Augustine remained a Manichee from ages 19 to 29. His schooling completed, he returned home to Thagaste to teach rhetoric. Although his students often used the skills of persuasion Augustine taught them for dishonest ends—as Augustine confesses he did, too—he credits himself for "try[ing] to teach them honestly” (59). Still, this was a period of great sin. Augustine had begun living and sleeping with a woman whose name he never reveals. Though they were loyal to each other, the fact that they remained unwed keeps Augustine from viewing this arrangement as any more virtuous than the promiscuity that preceded it.
Augustine pursued astrology and poetry as hobbies. He tells of “some sorcerer fellow” who offered to make animal sacrifices to secure Augustine’s victory in a poetry contest (59), an offer that Augustine rejected, though he regrets that his rejection was not rooted in Christianity. When he won the contest anyway, the man who crowned him, a doctor of some sort, learned of Augustine’s interest in astrology and warned him away from it, advice Augustine attributes to God even if he remained unpersuaded.

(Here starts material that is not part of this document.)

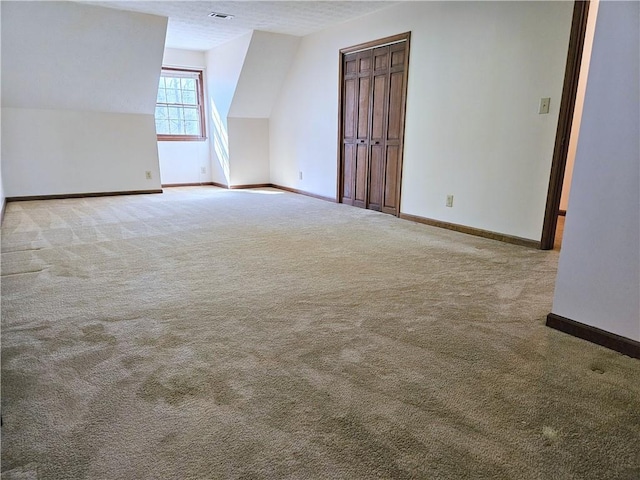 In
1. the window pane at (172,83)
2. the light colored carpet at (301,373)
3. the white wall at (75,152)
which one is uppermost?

Augustine’s dearest friend fell ill and died. The friend had been Christian until Augustine lured him to Manicheism. Insensible on his deathbed, he was baptized back into Christianity. Upon awaking, he repudiated Augustine and Manicheism. This death devastated Augustine. He regrets that he could not take refuge in God’s love. Instead, his only consolation was crying, and he spends some time wondering why such an act should bring comfort. Although he ridicules what he now considers excessive attachment to another imperfect mortal, his depression drove him from Thagaste back to Carthage. There, he distracted himself from his sorrows by cultivating new friendships of a similar sort.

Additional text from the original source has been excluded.